### Supplied records ###

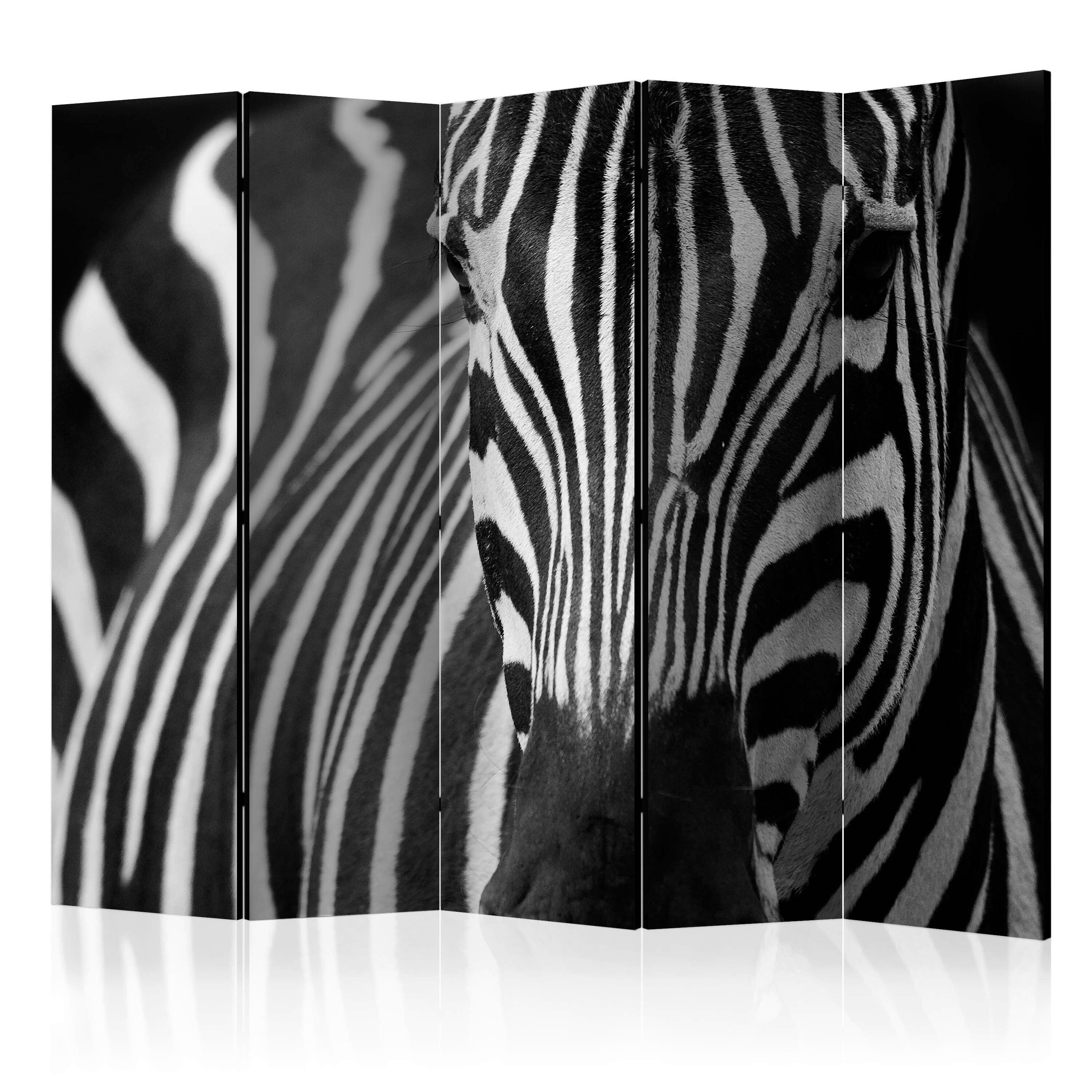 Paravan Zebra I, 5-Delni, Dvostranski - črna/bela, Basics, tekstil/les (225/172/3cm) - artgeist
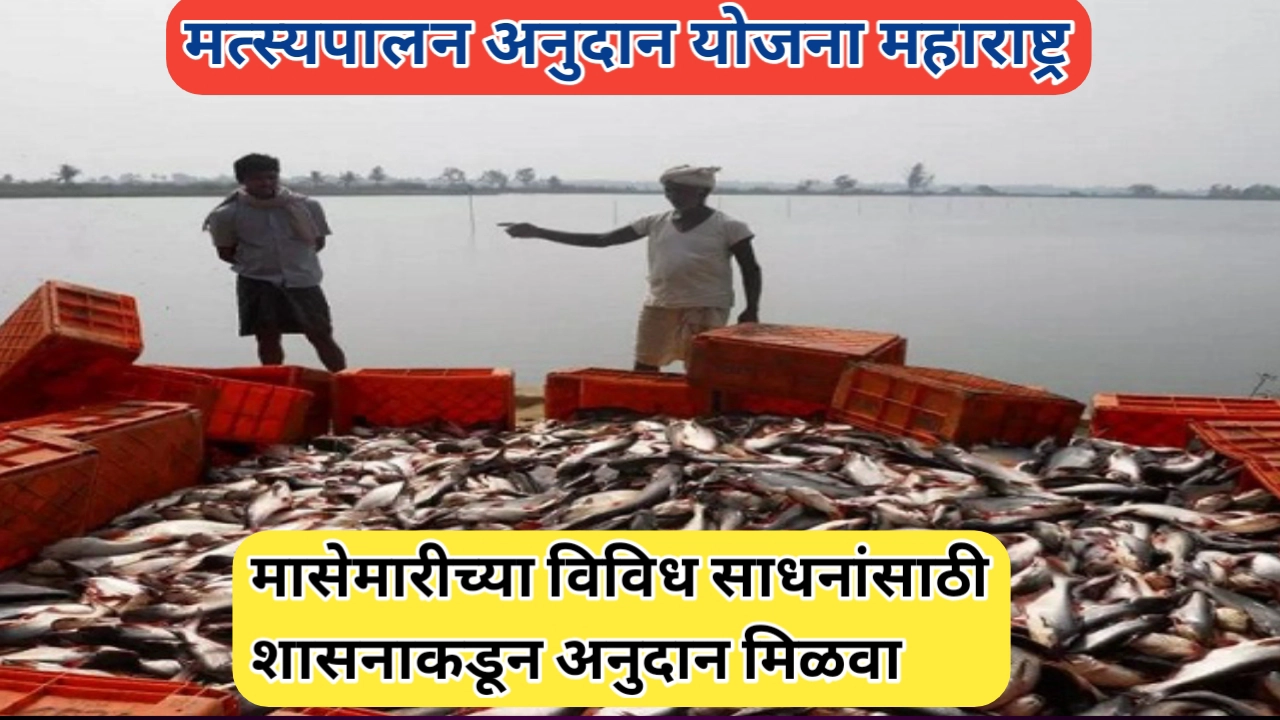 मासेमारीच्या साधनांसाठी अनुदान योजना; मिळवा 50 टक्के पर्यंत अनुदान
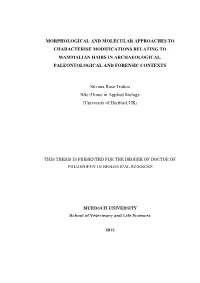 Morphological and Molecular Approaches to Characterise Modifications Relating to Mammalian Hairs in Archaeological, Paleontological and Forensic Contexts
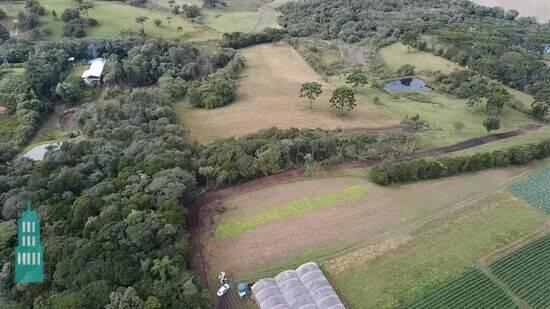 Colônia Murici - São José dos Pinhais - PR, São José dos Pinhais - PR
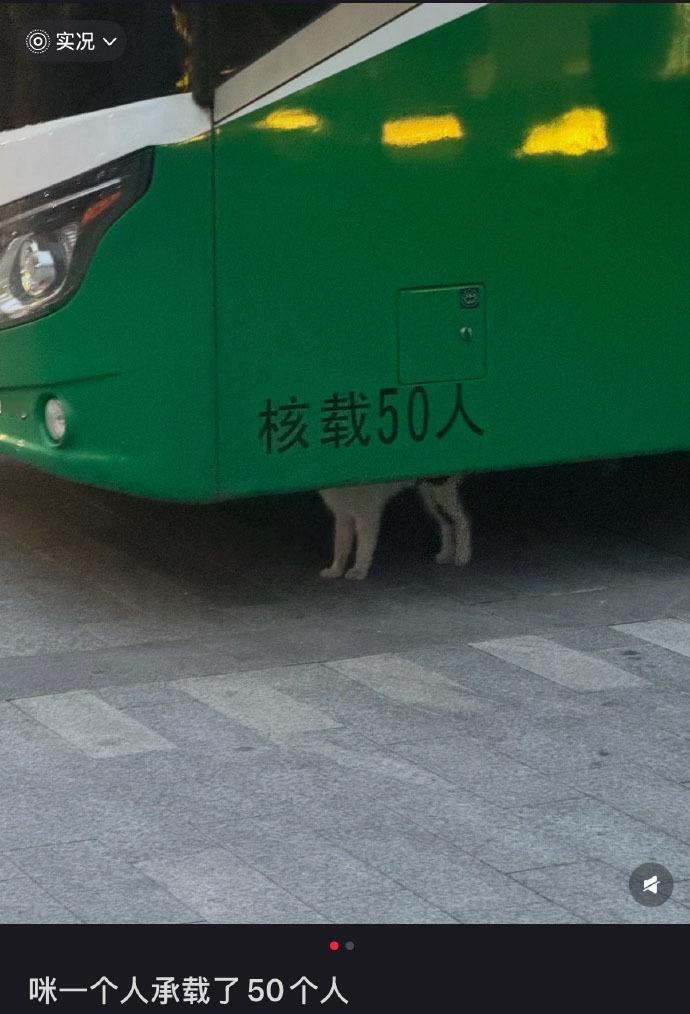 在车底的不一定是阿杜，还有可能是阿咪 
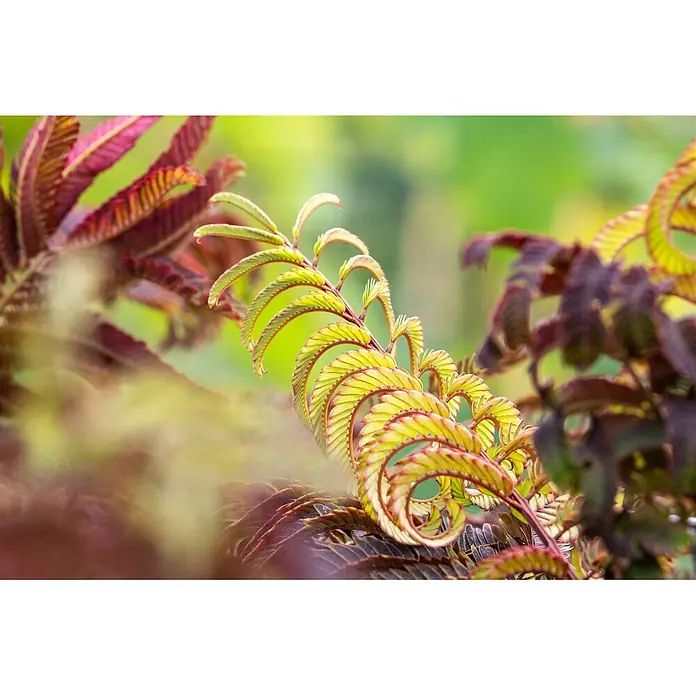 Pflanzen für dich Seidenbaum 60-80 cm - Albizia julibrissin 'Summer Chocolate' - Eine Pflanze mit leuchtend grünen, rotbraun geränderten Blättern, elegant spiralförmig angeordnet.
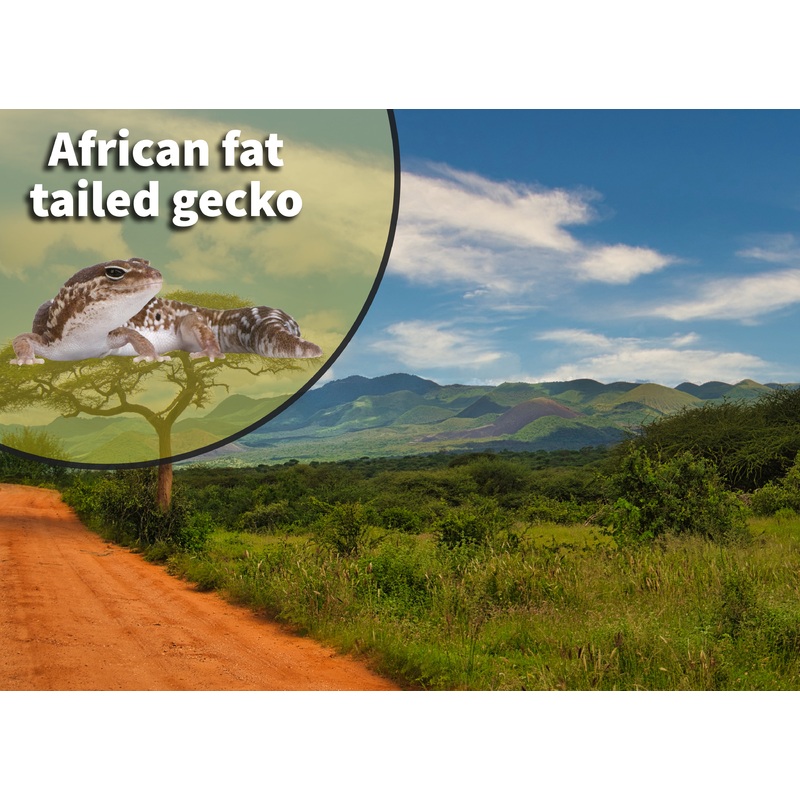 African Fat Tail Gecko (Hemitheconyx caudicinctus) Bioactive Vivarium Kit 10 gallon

###

* **Exercise details**
Reproduce exactly, with every picture left out, the lines from the one that contains "在车底的不一定是阿杜，还有可能是阿咪" to the final line of the records above.

* **Completed exercise**
 在车底的不一定是阿杜，还有可能是阿咪 
 Pflanzen für dich Seidenbaum 60-80 cm - Albizia julibrissin 'Summer Chocolate' - Eine Pflanze mit leuchtend grünen, rotbraun geränderten Blättern, elegant spiralförmig angeordnet.
 African Fat Tail Gecko (Hemitheconyx caudicinctus) Bioactive Vivarium Kit 10 gallon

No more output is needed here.